In exploratory logistic regression analyses, missing BMI values were significantly associated with hypoglycaemia. Compared with children with BMI at or above the median, children with missing BMI had higher odds of hypoglycaemia (OR 2.67, 95% CI 1.66–4.29, p < 0.001). Similarly, children with BMI below the median also had increased odds of hypoglycaemia compared with those with BMI at or above the median (OR 2.37, 95% CI 1.49–3.76, p < 0.001). These findings are consistent with the observed prevalence data and indicate that missing BMI values cluster in children with a risk profile similar to that of lower BMI.

Association of hypoglycaemia with dehydration and vomiting

Individuals with hypoglycaemia had a higher degree of dehydration (used as ordinary numeric variable: mild = 1, moderate = 2, severe = 3) (p < 0.001) and less frequently diarrhoea (p < 0.001) compared with the non-hypoglycaemic group. The presence of fever did not significantly differ between the hypoglycaemic and non-hypoglycaemic groups (Table 1).

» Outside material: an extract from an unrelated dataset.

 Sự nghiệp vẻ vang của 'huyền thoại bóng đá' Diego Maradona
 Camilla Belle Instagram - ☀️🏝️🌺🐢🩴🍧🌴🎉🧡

For further analyses of vomiting and starvation, participants were divided into group 1 (decreased oral intake), and group 2 (no oral intake). In group 1, significant differences in the number of vomiting episodes (p < 0.001) and duration of vomiting were found between hypoglycaemic and non-hypoglycaemic children (p < 0.001) (Table 1). In group 2, hypoglycaemic children had longer duration of vomiting compared with the non-hypoglycaemic group (p < 0.001) (Table 1).

Association of hypoglycaemia with biochemical parameters

Hypoglycaemia was associated with more severe metabolic acidosis: hypoglycaemic individuals had lower pH, pCO2, base excess and HCO₃^- capillary blood levels compared with the non-hypoglycaemic group (Table 2). Individuals with hypoglycaemia also had a higher anion gap, lower serum concentrations of sodium, potassium and chloride, and also lower urine pH and higher urine specific gravity compared with the non-hypoglycaemic group (p < 0.001) (Table 2).

In the serum measurements the hypoglycaemic group had higher concentrations of urea, uric acid, and creatinine (p < 0.001), and also higher concentrations of beta hydroxybutyrate serum levels (p = 0.015) (Table 2).

Factors associated with hypoglycaemia in children with dehydration

We divided the variables into two groups, i.e., 1. age and anthropometric data, and 2. historical factors, such as dehydration, fasting and vomiting. Logistic regression with hypoglycaemia as the dependent variable was performed first in each group separately and then in both groups together. Laboratory factors were not included in the analyses, as they are usually examined in parallel with glycaemia.

In the forward stepwise logistic regression with sex and anthropometric data (BMI, BMI-SDS), a significant association with hypoglycaemia was found for low BMI and low BMI-SDS values (p < 0.001) (Table 3, Model 1).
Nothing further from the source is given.